For additional protection — time lock on large transfers. Gnosis Safe supports through TimelockController:

// Any withdrawal > 100 ETH executed only 48 hours after proposing
uint256 public constant MIN_DELAY = 48 hours;
uint256 public constant MAX_WITHDRAWAL = 100 ether;

function scheduleWithdrawal(address to, uint256 amount) external onlyOwner {
    require(amount > MAX_WITHDRAWAL ? block.timestamp + MIN_DELAY : block.timestamp, 
            "Immediate for small amounts");
    // schedule through TimelockController
}

If keys compromised — team has 48 hours to notice suspicious transaction and cancel it.

Key Storage Scheme

3-2-1 Rule: 3 copies of key, 2 different media, 1 offsite.

For exchange:

• 2-of-3 Gnosis Safe for Ethereum reserves
• 2-of-3 Bitcoin multisig (P2WSH) for Bitcoin reserves
• Keys held by: CEO (HSM in office), CTO (HSM at home), independent custodian (HSM in bank vault)
• Seed phrases on metal backup (Cryptosteel, Bilodeau) — fireproof and waterproof
• Encrypted digital copies in different jurisdictions (AWS S3 with SSE-KMS + EncryptedLocal)

Storage Structure:
  Hot Wallet:    5–10% of reserves (automatic withdrawals)
  Warm Wallet:   15–20% of reserves (2-of-3 multisig, tops up hot wallet)
  Cold Storage:  70–80% of reserves (air-gapped, manual withdrawal per SOP)

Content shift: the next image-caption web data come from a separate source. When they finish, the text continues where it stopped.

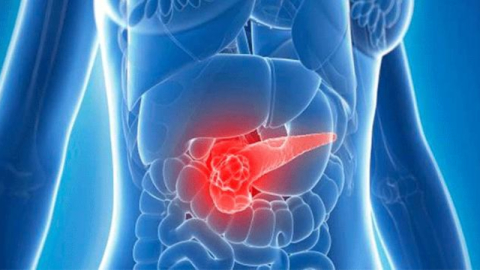 Sessiz katil: ’Pankreas Kanseri’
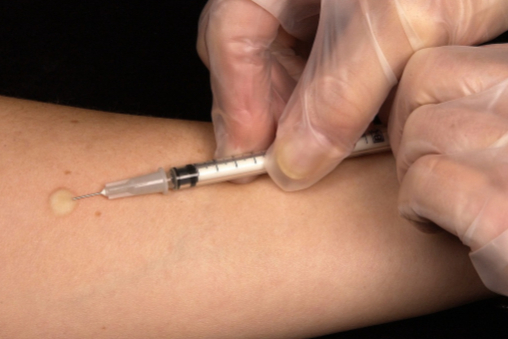 齐鲁爆发！拿下第3家「地舒单抗」、高难制剂首仿、$20亿抗精神病药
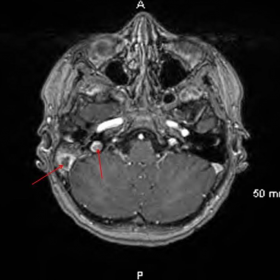 Post-contrast axial T1 MRI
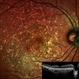Crystalline Retinopathy Crystalline Retinopathy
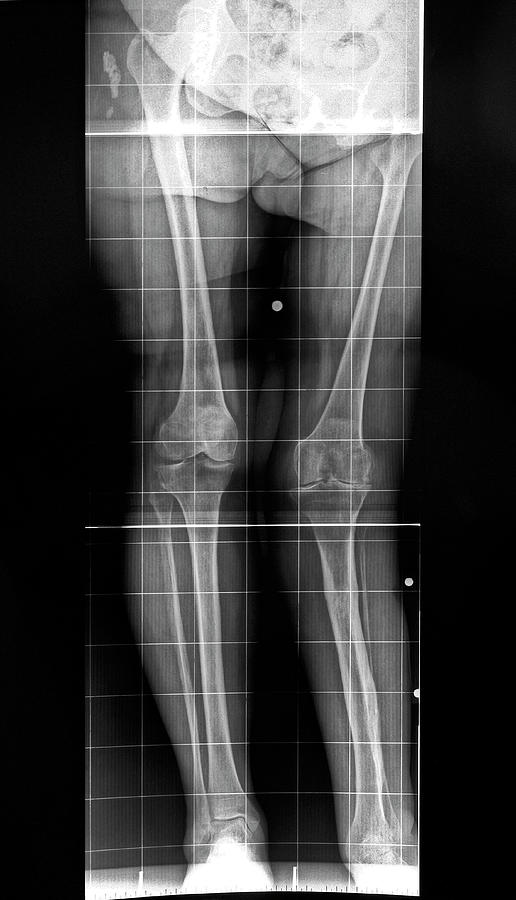 Deformed Knee Photograph by Antonia Reeve/science Photo Library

Audit and Reserves Verification

Proof of Reserves — public proof that exchange owns claimed funds:

def generate_proof_of_reserves(exchange_addresses: list[str], 
                                 user_balances_merkle: bytes) -> ProofOfReserves:
    # Merkle tree of user balances.
    # Exchange publishes:
    # 1. Merkle root of all balances
    # 2. On-chain balances (verifiable publicly)
    # 3. Each user can verify their inclusion in Merkle tree
    
    total_user_balances = sum_all_user_balances()
    merkle_root = build_merkle_tree(user_balances_merkle)
    chain_balances = get_onchain_balances(exchange_addresses)
    
    assert chain_balances >= total_user_balances, "Exchange is insolvent!"
    
    return ProofOfReserves(
        merkle_root=merkle_root,
        total_liabilities=total_user_balances,
        total_assets=chain_balances,
        timestamp=datetime.utcnow(),
        auditor_signature=sign_with_auditor_key(merkle_root),
    )

Development Timeline

Full cold storage system with documented procedures and Proof of Reserves: 2–3 months.